C string immutable? [duplicate]

2019-02-05 15:13发布

问题:

This question already has an answer here:

  • Why do I get a segmentation fault when writing to a string initialized with “char *s” but not “char s[]”? 17 answers
  • forbiddens in string literals in C 5 answers
  • Modifying C string constants? [duplicate] 5 answers
  • Simple modification of C strings using pointers 2 answers
  • Defining pointer to static string 3 answers

According to my understanding both lines of code creates string of 6 elements:

char * output = "AAAAAA" ;
char * output [6] ;

So, why cprogramm crashes in first assigment case when I try to chang first array byte. And why not crashes in second case?

* output = 49;
printf("%s\n",output);

回答1:

Your understanding is wrong.

The first line creates a pointer to char which points at the string "AAAAAA", which is usually stored in the immutable data section of your executable. The fact that you can point to it with a non-const pointer is an unfortunate backwards compatibility legacy issue. This is why it crashes. You should write:

const char* output = "AAAAAA";

BTW, the character array there has 7 elements: 6 times the 'A' and a terminator.

The second line doesn't do what you want at all. It's an array of 6 pointers to char, and the usage code doesn't even compile. You probably meant

char output[6];

which is an array of 6 chars and thus offers space for a string of length 5 (still needs space for the terminator). Anyway, this array is mutable, so you can change its elements.



回答2:

The first is just a pointer which is initialized to a non-modifiable piece of memory containing your string.

The second is an array that is initialized the same data.

You cannot change the data pointed at by pointer from the first line, but your array is of course fully read/write like any non-const array would be.

Think of string literals as having the type const char *.



回答3:

No

char * output [6];

creates an array of six pointers to char. Even if you'd use

char output [6];

what you probably meant, this is not a string, but just a character array. For a character array to be a string you have to observe a convention in addition that ensures that one of the characters is 0.

Since you don't initialize the array, there is no such guarantee.

Now for your first case, this actually doesn't "create" a new string, but points to a string literal. String literals are in fact not mutable and clang has all its rights to crash on you.



回答4:

The first case should have been written as const char * output = "AAAAAA" ;. The compiler creates the string constant in a read-only section of the program and points output at it. You're free to change where output points, but not free to change the contents of a read-only section of your application.



回答5:

C-String array initialization - is this mutable?

The first one creates a pointer that points to the string literal "hello", which is probably stored in non-writable memory in the executable image of the program. Even if it isn't, you are not allowed to modify the contents of that array.

char* and char[] are not the same thing.

Here is what the standard has to say about it:

6.6.32

The contents of the arrays are modifiable.

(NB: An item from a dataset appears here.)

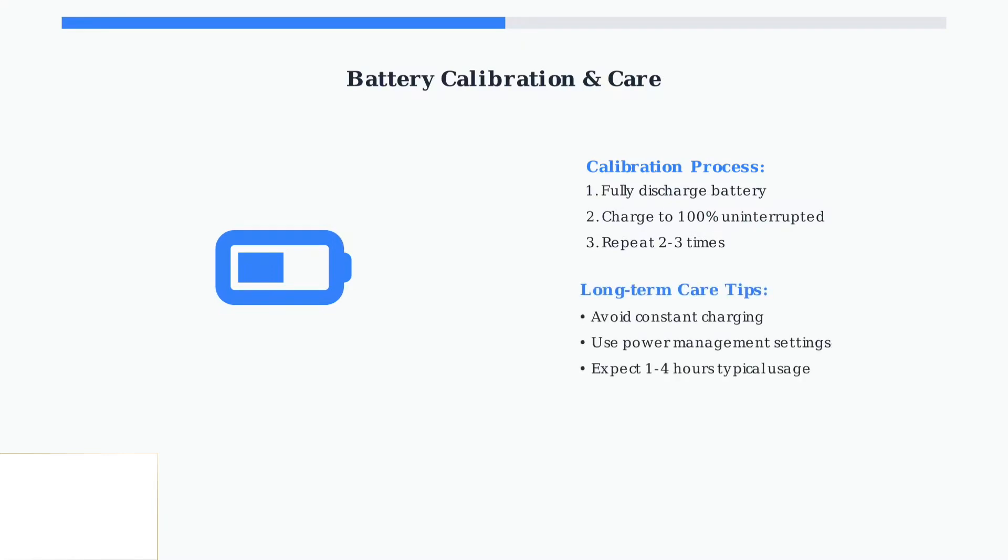Gaming laptops like the Victus 16 have shorter battery life due to high-performance components. To extend battery lifespan, avoid keeping it plugged in constantly and use HP's power management settings.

On the other hand, the declaration char *p = "abc"; defines p with type ‘‘pointer to char’’ and initializes it to point to an object with type ‘‘array of char’’ with length 4 whose elements are initialized with a character string literal. If an attempt is made to use p to modify the contents of the array,the behavior is undefined.



回答6:

Modifying elements of a string literal results in undefined behaviour "6.4.5 String literals [#6]".

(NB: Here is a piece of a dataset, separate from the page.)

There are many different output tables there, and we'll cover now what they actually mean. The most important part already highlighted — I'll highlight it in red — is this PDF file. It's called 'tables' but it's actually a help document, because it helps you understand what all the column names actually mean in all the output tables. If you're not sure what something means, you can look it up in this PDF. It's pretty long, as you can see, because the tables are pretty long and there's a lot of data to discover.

PS. I see string literals mentioned as read-only, this is not a requirement in the C Standard, although it's common across the C implementations. Another consideration is that different (as lexemes) string literals, representing the same sequence of characters, can correspond do a single static storage duration array.



回答7:

Because the first one 'char *output = "AAAAA";' is declaring output as being a pointer to a read only memory area containing the characters AAAAA.

You then try and modify the first byte of this, which is probably undefined behaviour.